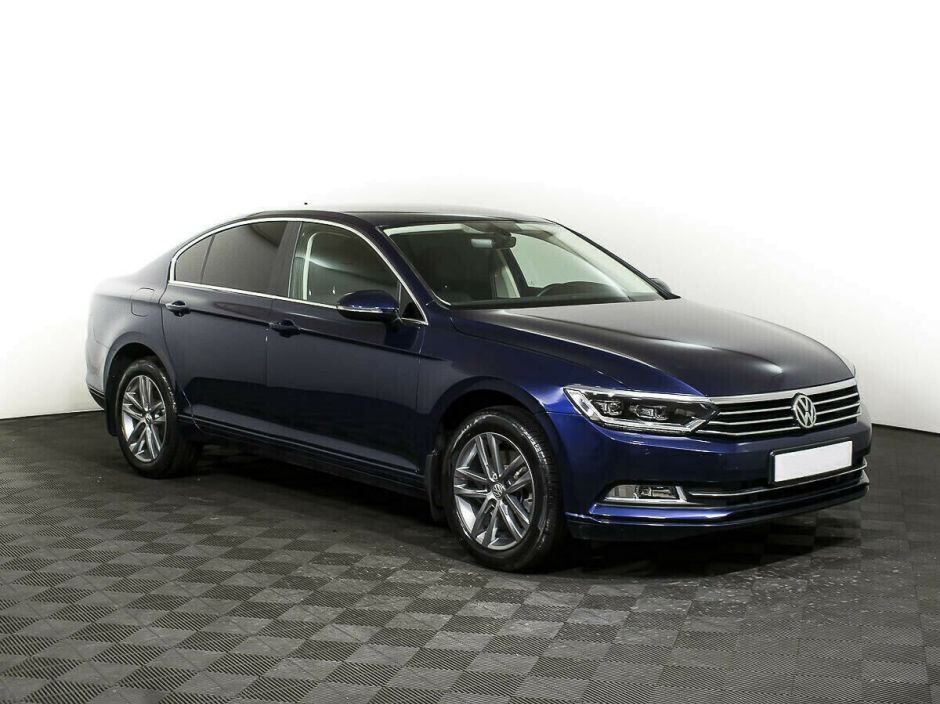 Volkswagen Passat, 1.4 л, Робот, 2017 фото 4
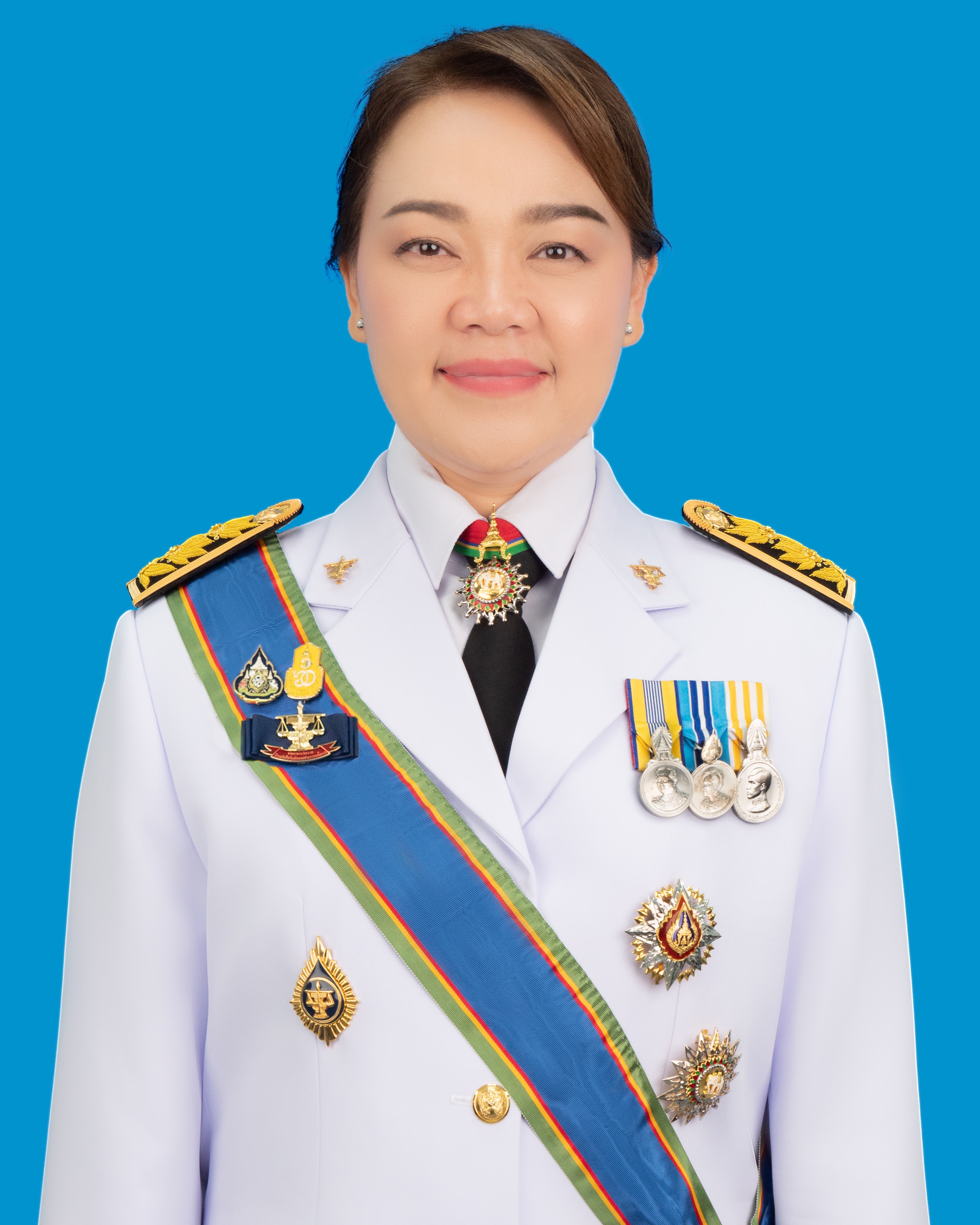 นางศุภรัสมิ์  ประสงค์ศิลป์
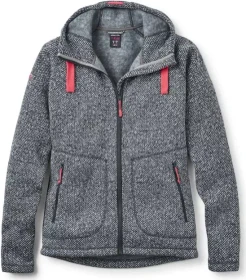 Rab Amy Hoodie steel (Damen)
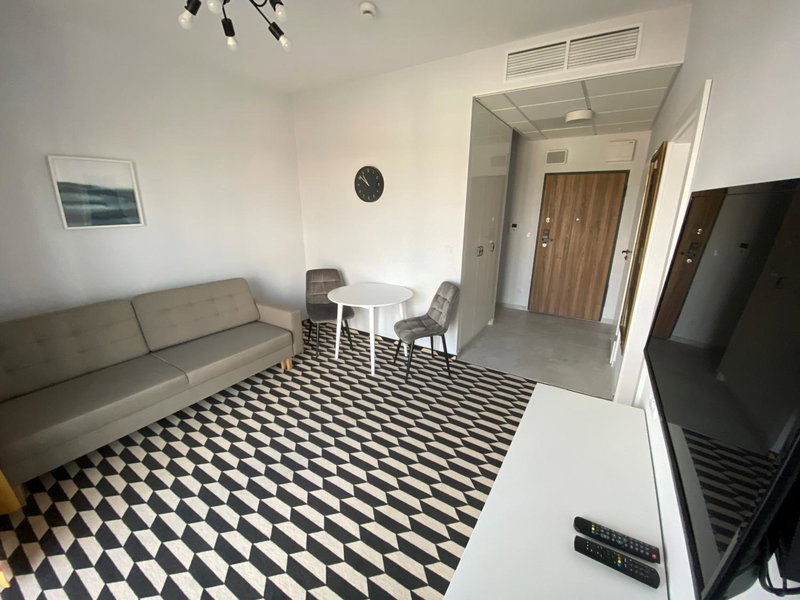 Apartamenty Prymasa Residence, Wola, Poland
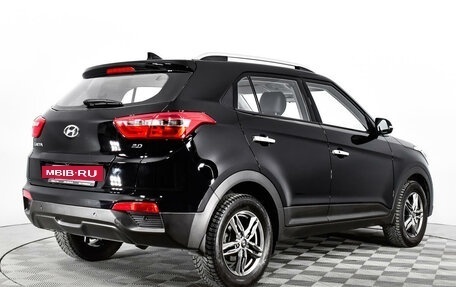 Hyundai Creta I рестайлинг, 2019 год, 1 820 000 рублей, 5 фотография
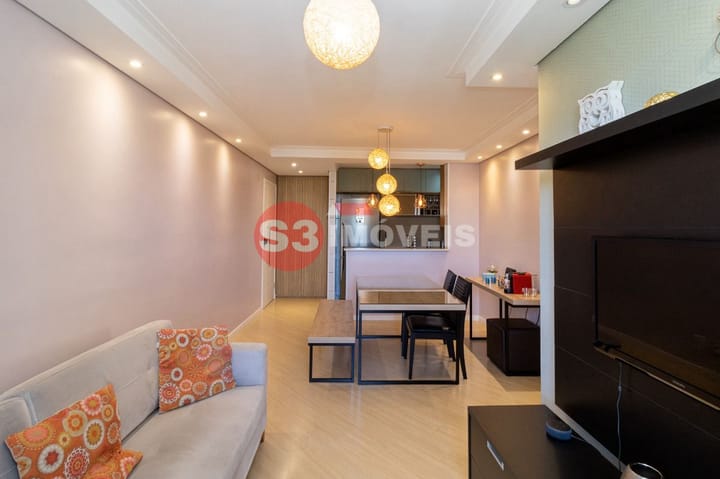 Apartamento à venda com 3 quartos, 67m² - Foto 6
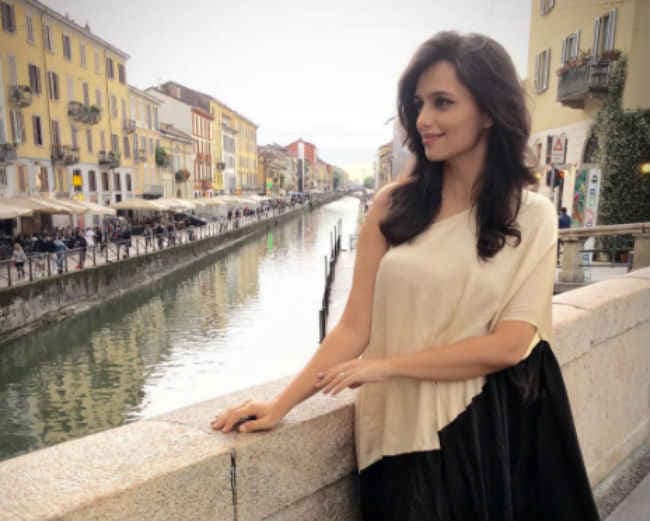 दूसरी बार मां बनीं टीवी एक्‍ट्रेस रोशनी चोपड़ा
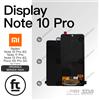 XIAOMI DISPLAY REDMI NOTE 10 PRO 4G/ 11 PRO/ 12 PRO 4G/ POCO X4 PRO 5G ORIGINALE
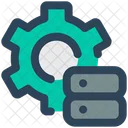 Data Database Server Icon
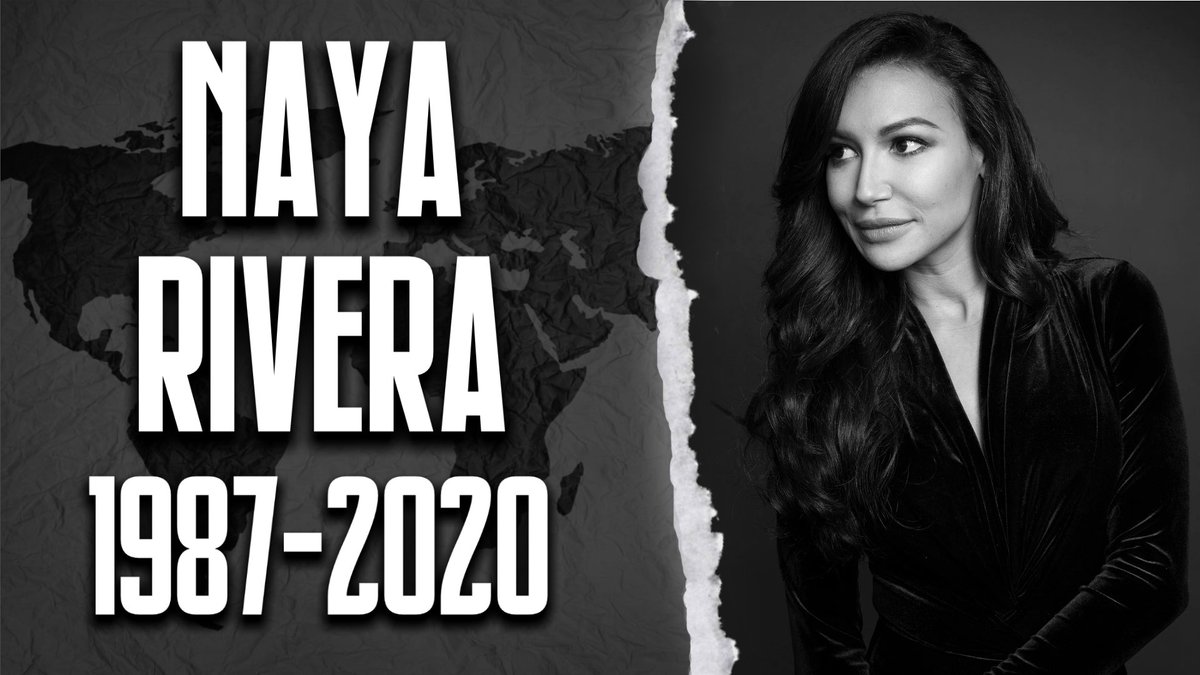 ElPudcast's tweet photo. #NayaRivera, fallecio el pasado 9 de julio, a la edad de 33 años. 

La investigación apunta que Rivera, falleció al intentar salvar a su hijo, después de que este cayera del bote en el que se encontraban, declaró el Sheriff de Ventura.

Descanse en paz. ▪️

#ElPudcastNews 🗞 https://t.co/LvnoZlZCj2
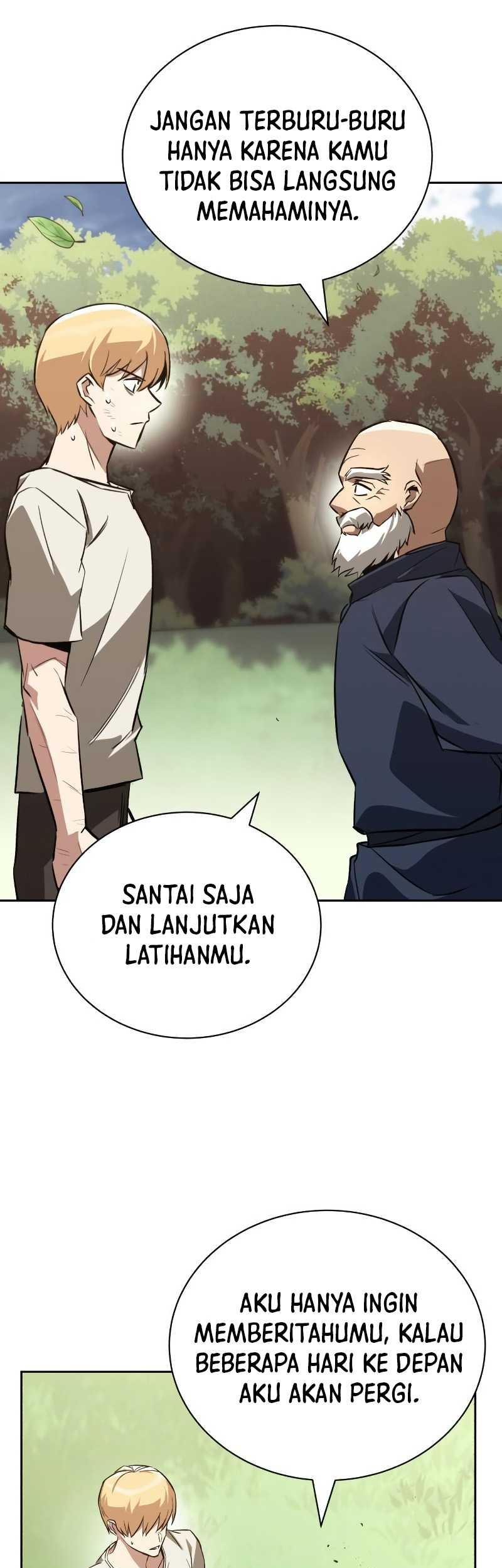 Lazy Prince Becomes a Genius Chapter 102 Gambar 65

+ + +

__Work to be completed__: When you copy the data above, keep each line exact and omit the pictures.

__Task solution__:
 Volkswagen Passat, 1.4 л, Робот, 2017 фото 4
 นางศุภรัสมิ์  ประสงค์ศิลป์
 Rab Amy Hoodie steel (Damen)
 Apartamenty Prymasa Residence, Wola, Poland
 Hyundai Creta I рестайлинг, 2019 год, 1 820 000 рублей, 5 фотография
 Apartamento à venda com 3 quartos, 67m² - Foto 6
 दूसरी बार मां बनीं टीवी एक्‍ट्रेस रोशनी चोपड़ा
 XIAOMI DISPLAY REDMI NOTE 10 PRO 4G/ 11 PRO/ 12 PRO 4G/ POCO X4 PRO 5G ORIGINALE
 Data Database Server Icon
 ElPudcast's tweet photo. #NayaRivera, fallecio el pasado 9 de julio, a la edad de 33 años. 

La investigación apunta que Rivera, falleció al intentar salvar a su hijo, después de que este cayera del bote en el que se encontraban, declaró el Sheriff de Ventura.

Descanse en paz. ▪️

#ElPudcastNews 🗞 https://t.co/LvnoZlZCj2
 Lazy Prince Becomes a Genius Chapter 102 Gambar 65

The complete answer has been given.